Es gilt außerdem der Grundsatz der Wirtschaftlichkeit. Vermieter sind nicht verpflichtet, das billigste Angebot bei Waren, Dienstleistungen oder Versicherungen anzunehmen. Ist der Mieter aber der Meinung, er zahlt stets mehr als nötig, darf er hier widersprechen.
Schätzbeträge dürfen gekürzt werden
Sollten Kosten nicht belegt sein, sondern hat der Vermieter beispielsweise den Verbrauch von Gas, Öl oder Warmwasser geschätzt, darf der Betrag pauschal um 15 Prozent gekürzt werden. Hier macht allemal Sinn, Belege für die Ausgaben anzufordern. Der Vermieter muss keine Kopien machen. Er kann vom Mieter verlangen, bei einem Ortstermin Einsicht in seine Unterlagen zu nehmen.
Kosten können pro Wohneinheit, nach Quadratmeter oder nach Verbrauch abgerechnet werden. Ein Single in einer großen Wohnung sollte versuchen, seinen Verbrauch abrechnen zu lassen. Eine große Familie liegt meist mit der Abrechnung nach Wohneinheiten günstiger.
Wurde eine Wohnung erst Mitte des Jahres bezogen oder ist jemand vor Jahresende ausgezogen, dürfen nicht die Nebenkosten für ein ganzes Jahr in Rechnung gestellt werden.
Der Vermieter hat zwölf Monate Zeit, seine Kosten auf die Mieter umzulegen. Verspätet er sich, ist die Forderung unwirksam und muss nicht bezahlt werden. Auch Mieter haben zwölf Monate Zeit, der Nebenkostenabrechnung zu widersprechen, egal ob sie bereits bezahlt haben oder nicht.
Um böse Überraschungen zu vermeiden, können nicht nur Vermieter, sondern auch Mieter ihre Abschläge - also die Vorauszahlungen auf die Nebenkosten - für das Folgejahr erhöhen. So fällt die Nachzahlung auf jeden Fall niedriger aus.
Was gehört nicht in die Betriebskosten?
Einige Kosten haben in der Betriebs- oder Nebenkostenabrechnung überhaupt nichts zu suchen: Reparaturen, auch wenn sie der Hausmeister erledigt. Sollte der Hausmeister Reparaturen ausführen, so muss der Vermieter diese Leistung aus dessen Gehalt herausrechnen, denn sie darf nicht in den Nebenkosten erscheinen.
Auch Hausverwaltung, die Rechtsschutzversicherung des Vermieters oder dessen Bank- und Kontogebühren sowie Mietkosten für Geräte wie Feuerlöscher dürfen nicht berechnet werden.
Lieber Hilfe holen, als zu viel zahlen
"Nebenkostenabrechnungen sind bei uns in den letzten Jahren der Renner geworden", sagt Dietrich Rühle vom Mieterverein, "das war früher nicht so". Wahrscheinlich liegt das an den gestiegenen Preisen für Energie.

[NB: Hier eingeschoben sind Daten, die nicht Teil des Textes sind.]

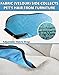 2-in-1 Deshedding Glove-Dog Brush And Pet Grooming Glove-Furniture Hair Remover, For Dogs, Cats, Rabbits and Horses, Long, Medium and Short Hair Fur, Gentle and Effective Deshedding Brush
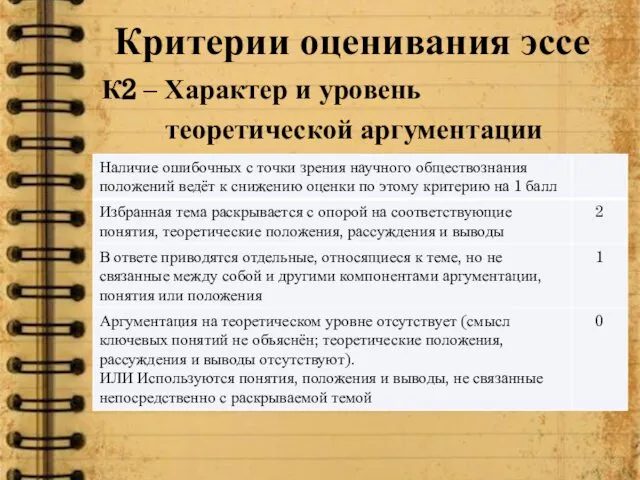 Критерии оценивания эссе К2 – Характер и уровень теоретической аргументации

Hier lohnt es sich, heute mehr als noch vor einigen Jahren, die Nebenkosten prüfen zu lassen. "Aber unsere Mitglieder kommen auch mit anderen Problemen, mit der Kündigung vom Vermieter oder mit Schikane", so Rühle.
Oft sei es auch hier besser, eine dritte Partei auf den Streit schauen zu lassen. "Nur wenn unsere Mitglieder mit Nachbarschaftsstreitigkeiten kommen, sind uns die Hände gebunden - vor allem, wenn beide Parteien bei uns Mitglied sind. Ein paar schlichtende Worte hätten wir aber auch in diesem Fall."